**EXERCISE REQUIREMENTS**
As soon as the line containing "Deco Brothers Cajón" appears, start repeating lines exactly and continue to the end of the entries; please skip pictures.

[Records from a data collection]
#####

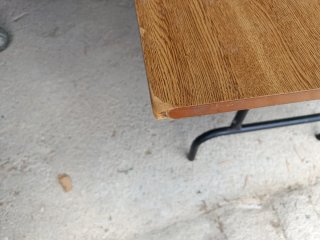 3 Mesas plegables madera DM y patas hierro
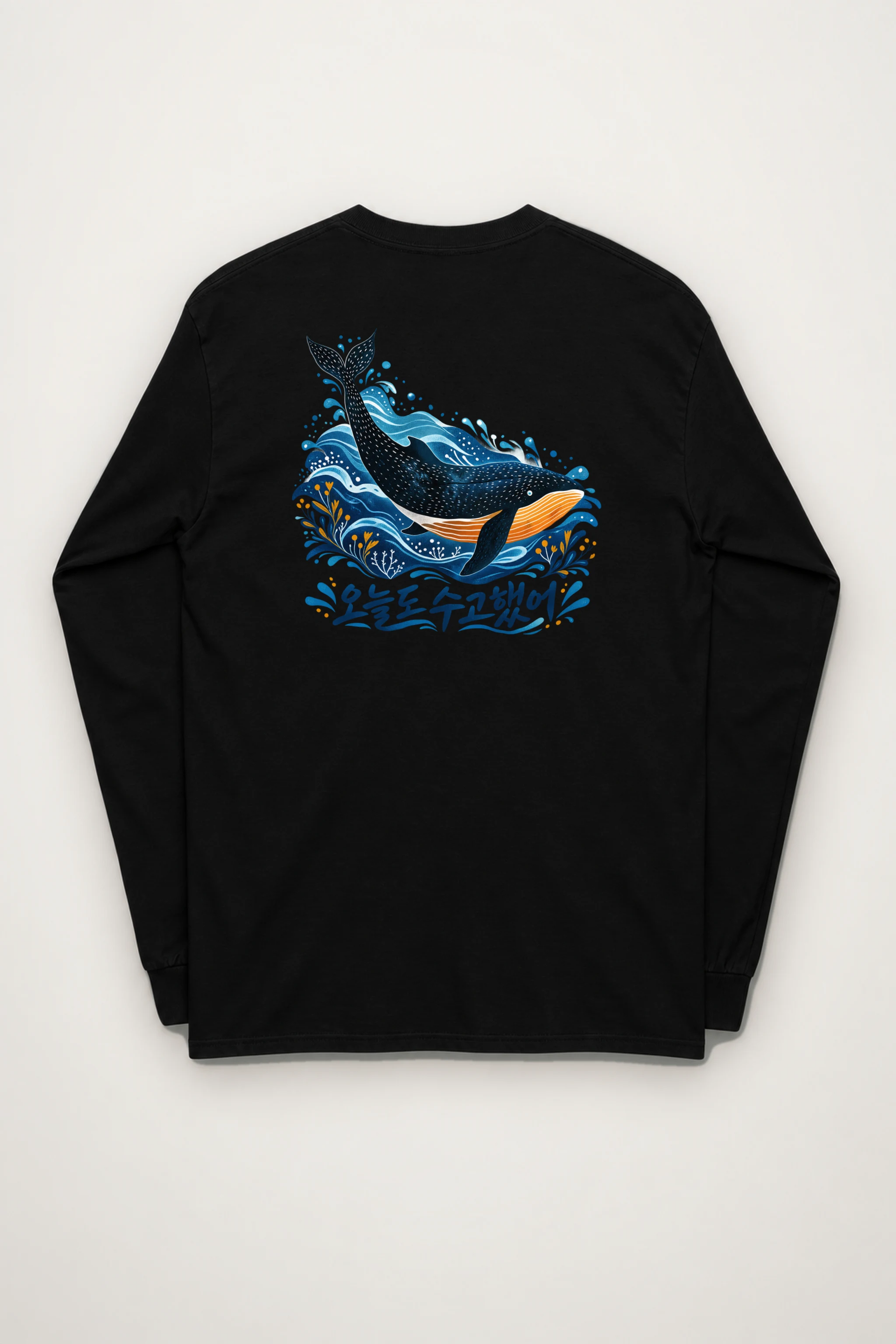 "Whale Wave Folk" Unisex Longsleeve T-shirt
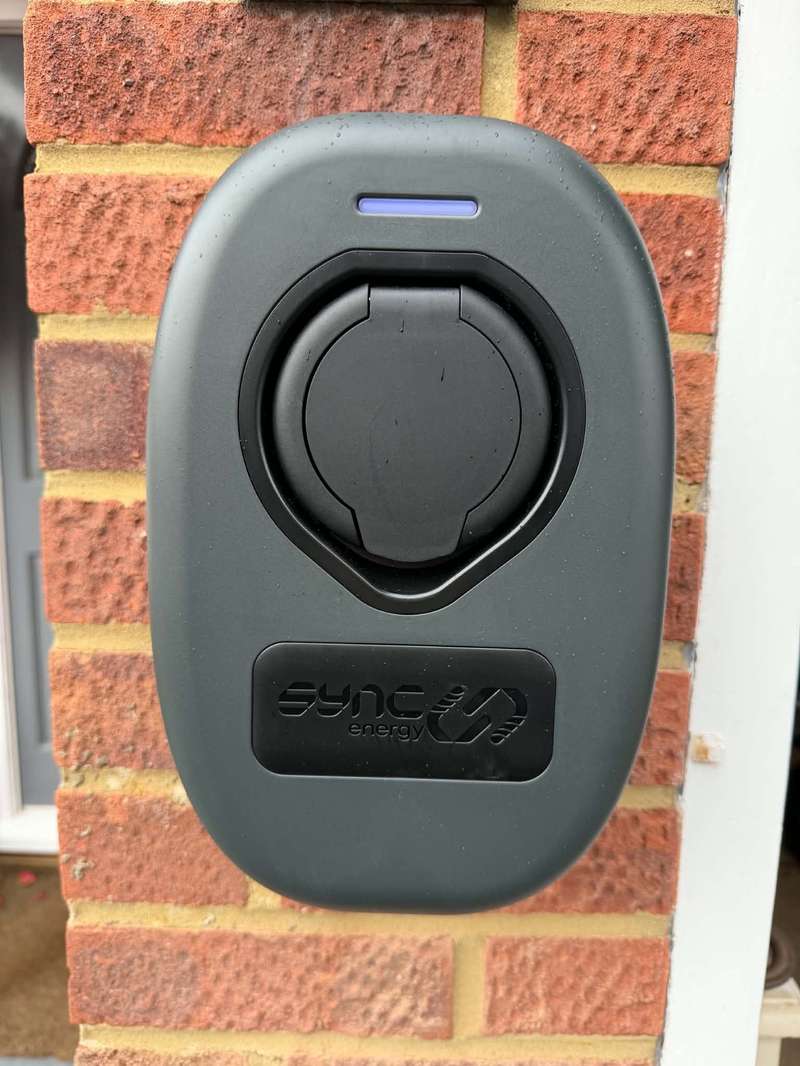 Close-up of a home EV charger installed by ElectriciansNearYou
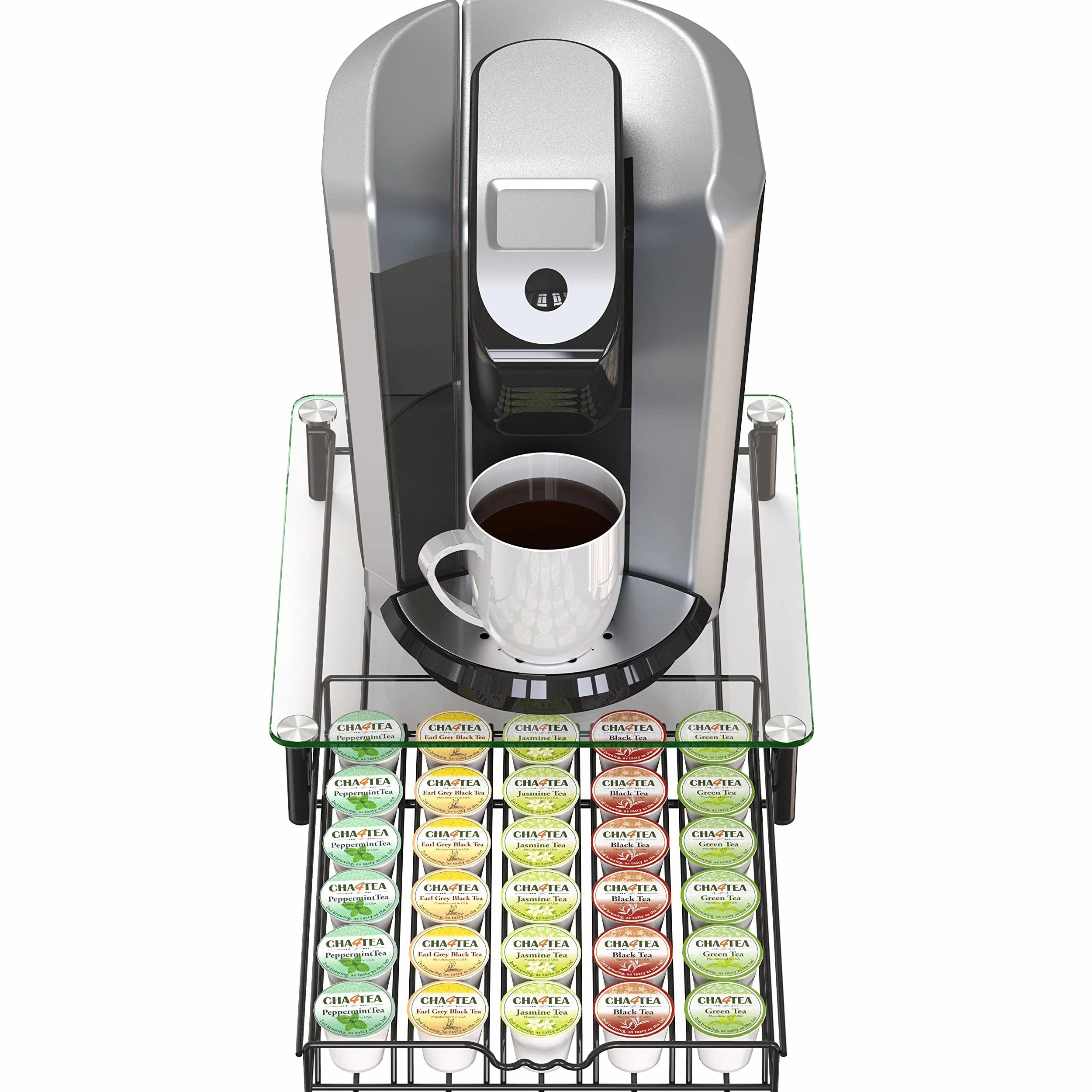 Deco Brothers Cajón de cristal templado para guardar 30 cápsulas de café, color negro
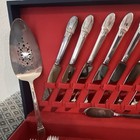 1847 Rogers Bros Silver Plated Floral Flatware Set W Case  63 Pcs 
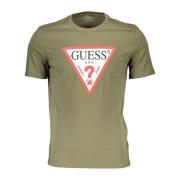 Guess Bomull Slim Fit Tee med slående tryck Green, Herr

#####

**EXPECTED OUTPUT**
 Deco Brothers Cajón de cristal templado para guardar 30 cápsulas de café, color negro
 1847 Rogers Bros Silver Plated Floral Flatware Set W Case  63 Pcs 
 Guess Bomull Slim Fit Tee med slående tryck Green, Herr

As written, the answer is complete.